The peptide played a role in preventing lipid oxidation, and its molecular conformation was unchanged after heating (Figure 3b). However, the Raman bands of the heat-treated peptide were enhanced at all shifts, particularly at 867 cm−1 (C–O–C stretching, O–O stretching), 1032 cm−1 (C–C stretching), 1249 cm−1 (amide III, C–N stretching, and N–H stretching), 1255 cm−1 (amide III, C–N stretching, and N–H stretching), 1424 cm−1 (CH2 deformation and CH3 deformation), 1675 cm−1 (amide I, C=O stretching, N–H bending, and C–N stretching). Comparison of Figure 3a,b shows that the spectra of both peptide and walnut oil increased in intensity during oxidation, such as the bands at approximately 800–1000, 1200, 1400, and 1600 cm−1. These shifts were associated with C–C stretching, C–H deformation, C–N stretching, and C–O stretching.
The Raman spectra of four UFAs with or without the addition of the peptide are shown in Figure 3c–f. Generally, the position of the main characteristic peaks of the Raman spectra of the four UFAs were the same as those of walnut oil. The Raman band at 1654 cm−1 stands for cis-C=C stretching, the region of 1439–1454 cm−1 stands for C–H deformation, the band 1301 cm−1 stands for C–H bending, the band 1264 cm−1 stands for =C–H bending, and the band 1080 cm−1 stands for C–C stretching. The shifts of the main peaks of the four UFAs with the peptide were lower than the spectral shifts of the four UFAs without it.

3.2. Effect of Acidic Amino Acid Residues in Peptides

In a previous study, the peptide QITEGEDGGG inhibited the production of superoxide anion radicals and linoleic acid oxidation by 86.46% and 60.37%, respectively (Inhibitor No. 0 in Table 1) [13].
In this study, to verify whether acidic amino acid residues contribute to the antioxidant capacity of the peptide QITEGEDGGG, the amino acid residues in the peptide were removed systematically. Firstly, the amino acid residues at the beginning and end of the decapeptide were replaced in inhibitor No. 1 (ITEGEDGGG) and inhibitor No. 2 (QITEGED), respectively. The inhibitory activities of these two peptides were not significantly different from that of inhibitor No. 0 (p > 0.05). Thus, the amino acid residues at the beginning or end of the peptide did not affect their activity. Next, inhibitor No. 3 (QEGEDGGG) was synthesized. The loss of the Ile and Thr amino acid residues had no effect on the ability of the peptide to scavenge superoxide anion radicals, and to inhibit lipid peroxidation.
Lastly, Glu–Asp was removed from inhibitor No. 0 QITEGEDGGG and inhibitor No. 4 (QITEGGGG) was synthesized. Compared with inhibitor No. 0, the ability of inhibitor No. 4 to scavenge superoxide anion radicals and inhibit linoleic acid oxidation was significantly decreased (p < 0.05). Inhibitor No. 4 was only half as effective as inhibitor No. 0 in inhibiting oxidation of linoleic acids. Clearly, the presence of Glu–Asp affects the peptide’s antioxidant activity. To check the efficacy of dipeptide Glu–Asp, the inhibitor No. 5 (ED) was synthesized. However, the antioxidant activity of dipeptide Glu–Asp was much lower than that present in the decapeptide.
By screening the amino acids in the decapeptide, it was determined that the acidic amino acids Glu–Asp are the active amino acid residues that confer the antioxidant activity of the peptide.

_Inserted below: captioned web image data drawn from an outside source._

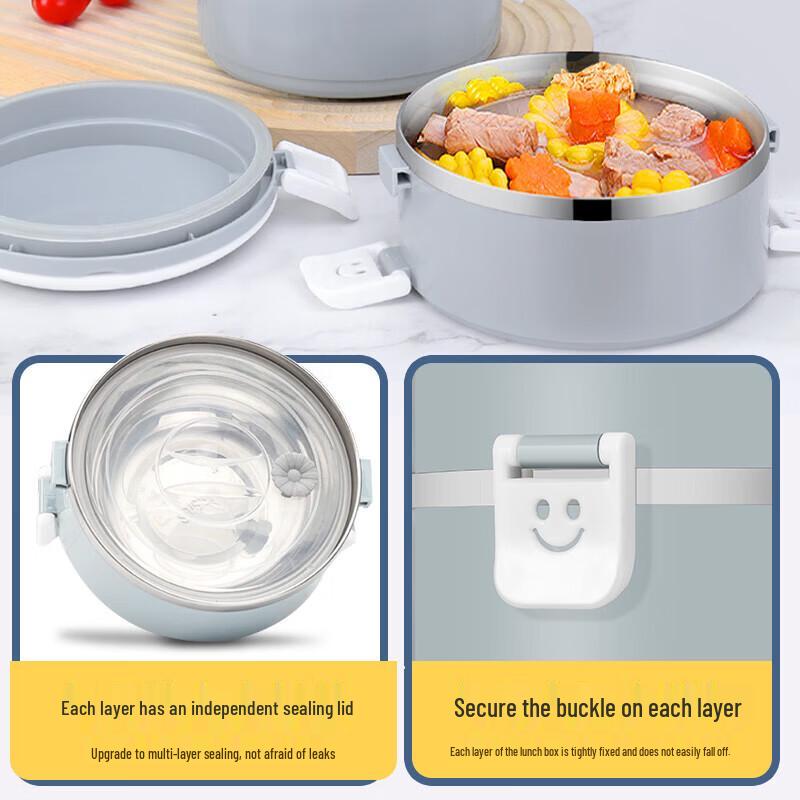 Bess Thickness 304 Stainless Steel Double-Layer Round Lunch Box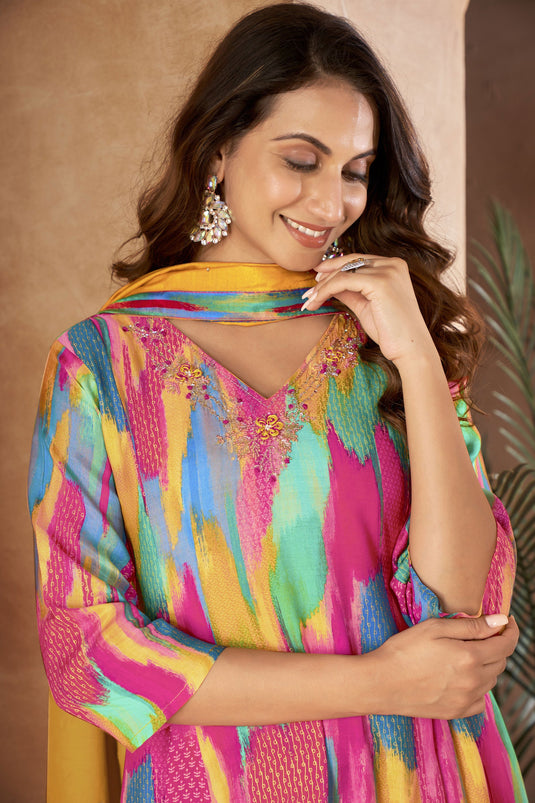 Muslin Fabric Yellow Color Beatific Hand Work Readymade Salwar Suit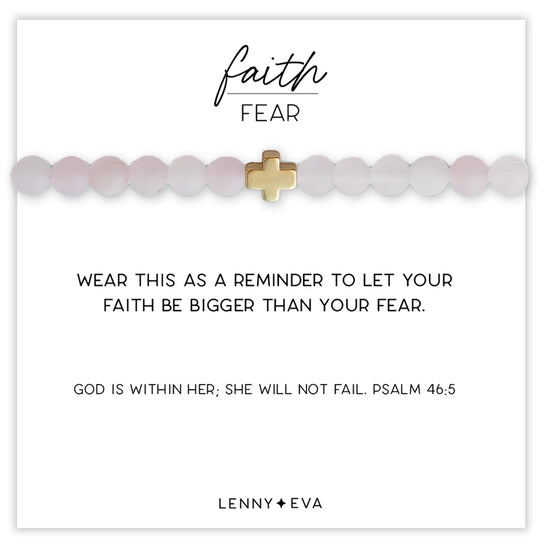 Faith Over Fear Cross Bracelet-Rose Quartz, 6mm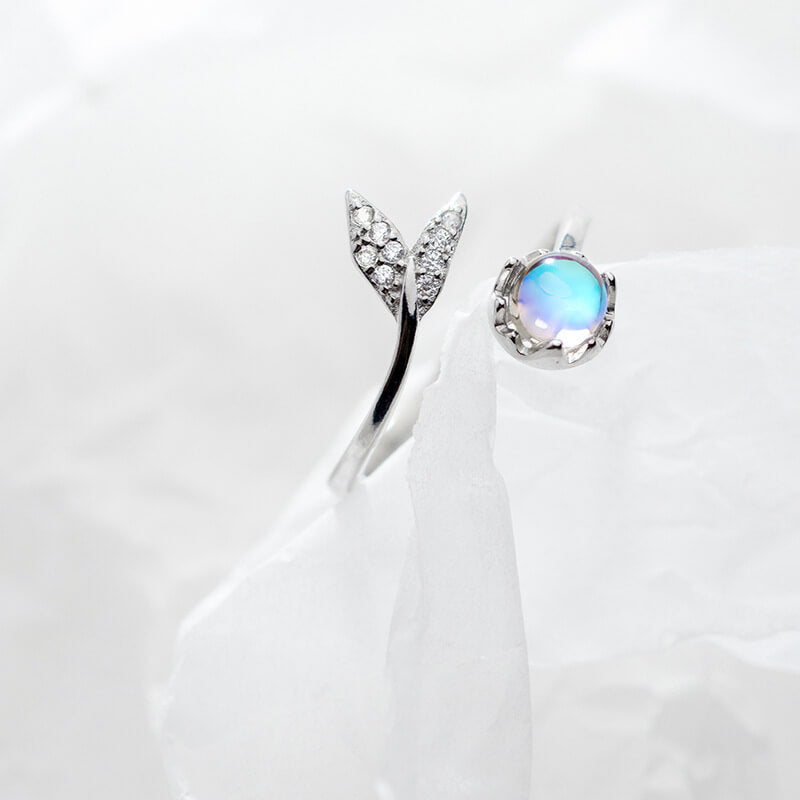Mermaid Colored Glaze Silver Open Ring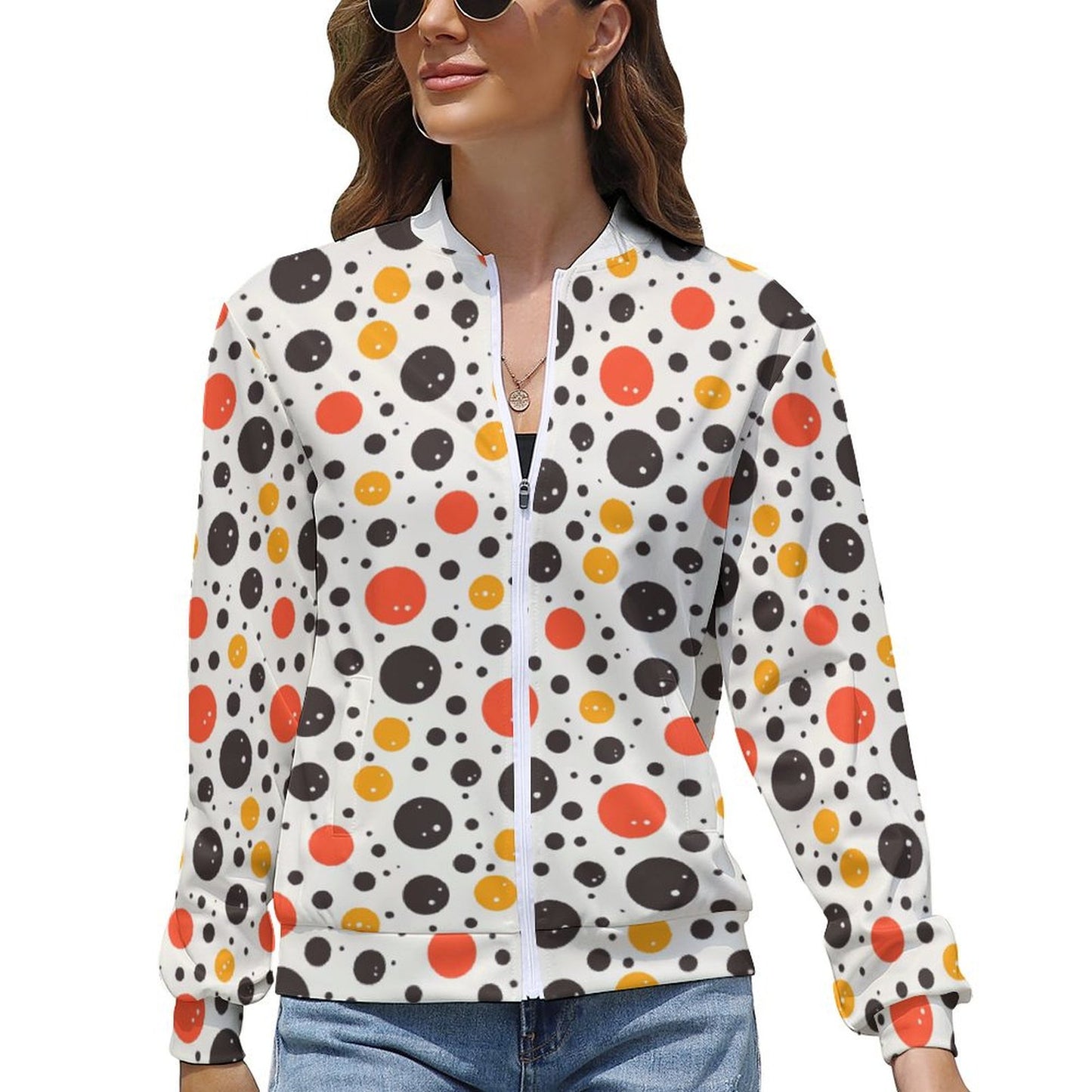Retro Polka Dot Print Lightweight Jacket - Gift for Gemini | Mother's Day Gift | Summer Birthday Gift for Her - PRINTANK Jacket-W9B7X2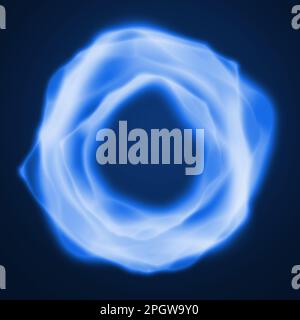 abstrait fumée bleu lumière cercle rond hologramme porte de foudre Banque D'Images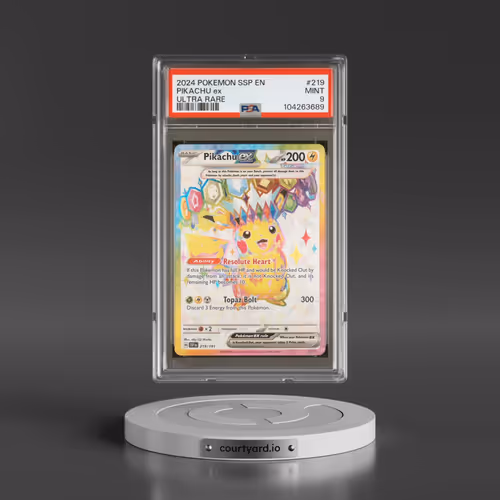 2024 Pokémon Ssp EN-Surging Sparks #219 Pikachu EX - Holo Ultra Rare (PSA 9 MINT)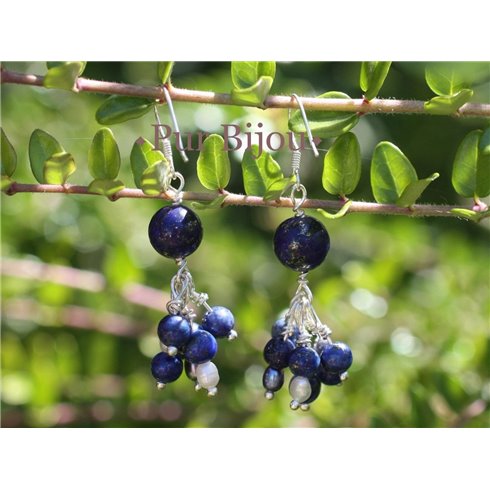 Boucles Argent 925 - Lapis Lazuli et Perles de Culture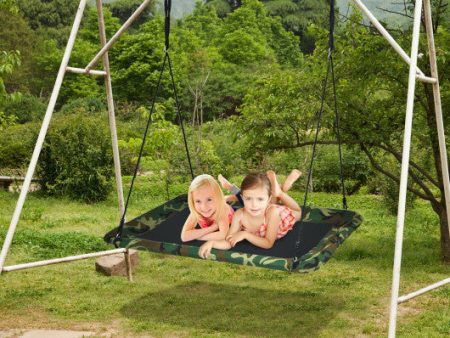 60 Inches Platform Tree Swing Outdoor with  2 Hanging Straps-Camouflage Sale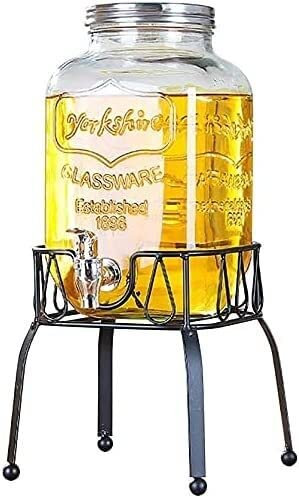 NAKEAH Dispensador de Bebidas Dispensador de Cerveza con Tapa de Vidrio, Agua, Jugo, Cerveza, Vino, Baijiu, cristalería for Las Mejores Bebidas frías, 4L/5L/8L (Color : 5l)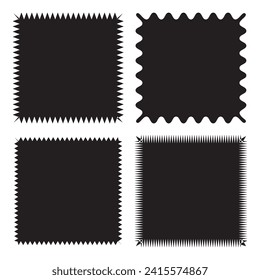  Zigzag edge Rounded Square frame icon set.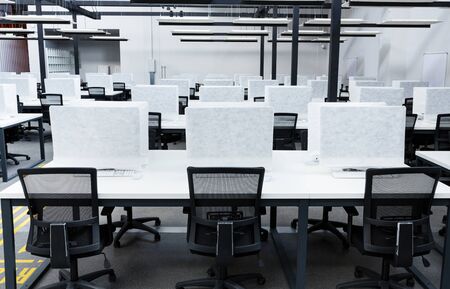 Close up of empty places for workers in co-working, rental offices crisis, remote work, coronacrisis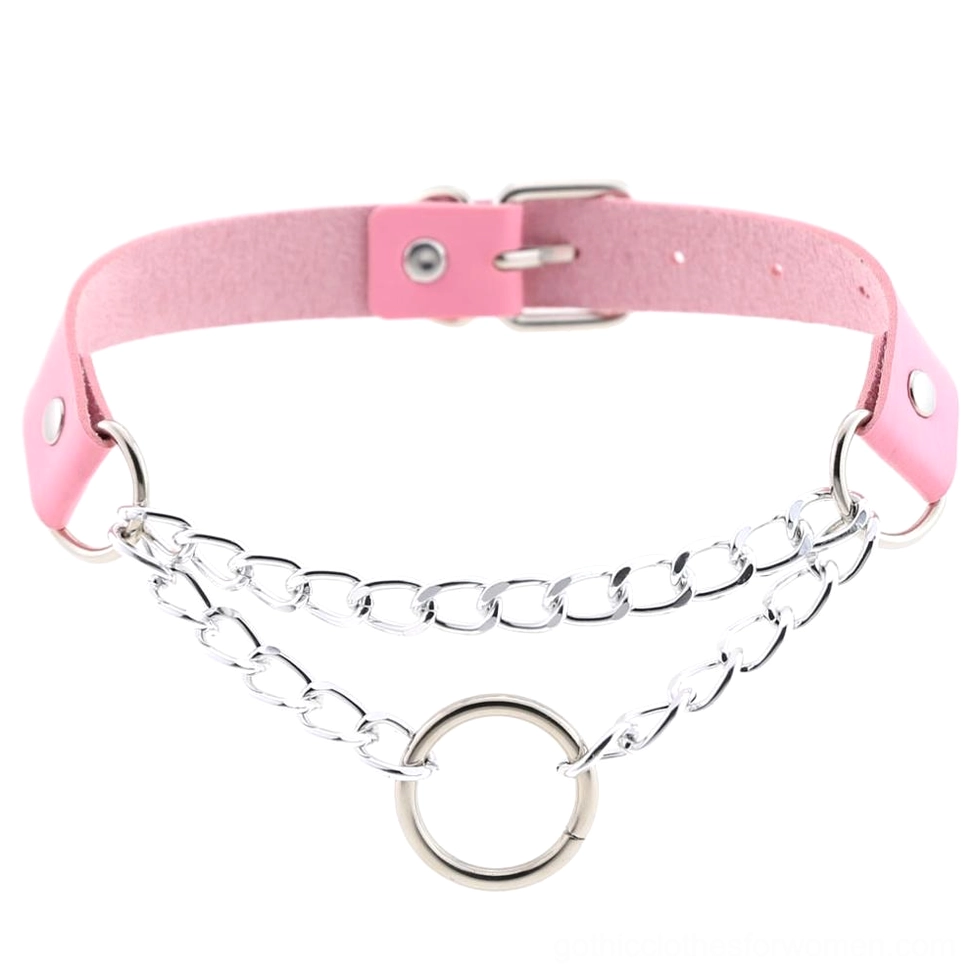 Hot pink PU leather gothic choker featuring silver dual chains and metal ring detail, adjustable design, flat lay product shot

To provide a comparison with the decapeptide and to begin to assess the generality of these observations, we drew upon the literature to synthesize a hydrophobic peptide containing Glu–Asp (HIQKEDVPSER inhibitor No. 6) and then synthesized a version of that peptide that eliminated the Glu–Asp amino acid residues (HIQKVPSER inhibitor No. 7) [14]. The superoxide anion radical scavenging activity of inhibitor No. 6 was significantly enhanced compared to that of inhibitor No. 7 (p < 0.05). The ability of inhibitor No. 7 to inhibit oxidation of linoleic acid was significantly decreased by 22% compared to that of inhibitor No. 6 (p < 0.05).

4. Discussion

Previous studies suggested that anti-oxidative peptides containing numerous hydrophobic amino acids or amino acids with OH groups could increase the oxidation resistance of linoleic acids [18,19,20,21]. The role of acidic amino acid residues has been mentioned, but few studies have been done to explore their significance.
In this work, we investigated the anti-oxidative properties of an acidic peptide and found that the acidic amino acid residues enhanced retardation of walnut oil oxidation. The walnut oil used in this test is comprised of 12,15-octadecadienoic acid (55.13%), 9-octadecenoic acid (20.32%), hexadecanoic acid (9.96%), stearate (8.68%), 9,12-octadecadienoic acid (1.30%), and 11-eicosenoic acid (1.21%). Other antioxidant components like tocopherol in walnut oil are present in minute quantities (0.11%), and have negligible effect on controlling the oxidation process of walnut oil. Therefore, the added peptide QITEGEDGGG contributed to the retardation of oxidation of walnut oil.
Figure 1 and Figure 2 demonstrated that the peptide QITEGEDGGG reduced the generation of lipid peroxides and the production of lipid-radicals. Although the ESR spectra did not exhibit hyperfine splitting into doublets, it can be concluded that the PBN radical adducts detected in our results were a mixture of carbon-based radicals by comparing our results with the literature using PBN or POBN as spin to trap lipid-radicals [15,22,23,24,25,26,27,28]. The PBN radical adducts are mixtures because of the viscosity of the oil, which results in decreased mobility of the radicals. The same phenomenon was also found by Thomsen, Kristensen and Skibsted [22] who observed triplets of doublet signals in rapeseed oil by ESR, but the doublets were not observed in all spectra.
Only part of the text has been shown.